Nothing should appear in the answer except the lines below from the line containing "Members of the" through the line containing "WHILL height adjustable", copied exactly, with pictures left out.

START Provided records

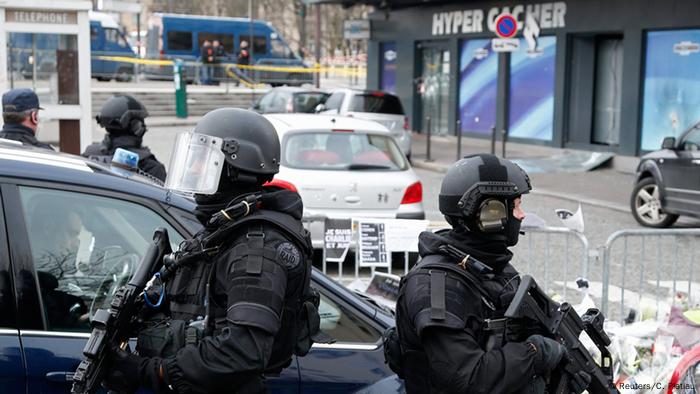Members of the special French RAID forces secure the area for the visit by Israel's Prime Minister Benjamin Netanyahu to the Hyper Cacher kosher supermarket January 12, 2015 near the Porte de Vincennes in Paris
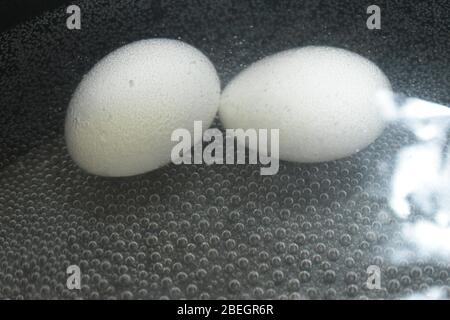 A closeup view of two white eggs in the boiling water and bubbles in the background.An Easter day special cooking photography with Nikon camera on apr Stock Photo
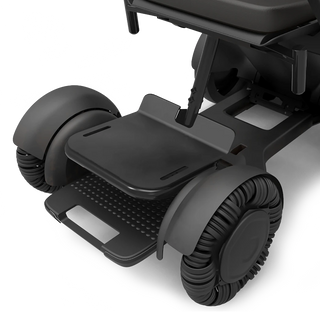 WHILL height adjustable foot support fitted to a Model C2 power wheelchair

END Provided records
START Provided records

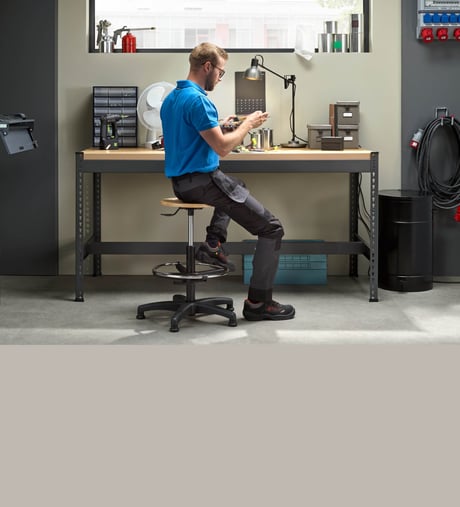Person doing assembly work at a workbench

END Provided records

- **Answer box**
Members of the special French RAID forces secure the area for the visit by Israel's Prime Minister Benjamin Netanyahu to the Hyper Cacher kosher supermarket January 12, 2015 near the Porte de Vincennes in Paris
 A closeup view of two white eggs in the boiling water and bubbles in the background.An Easter day special cooking photography with Nikon camera on apr Stock Photo
 WHILL height adjustable foot support fitted to a Model C2 power wheelchair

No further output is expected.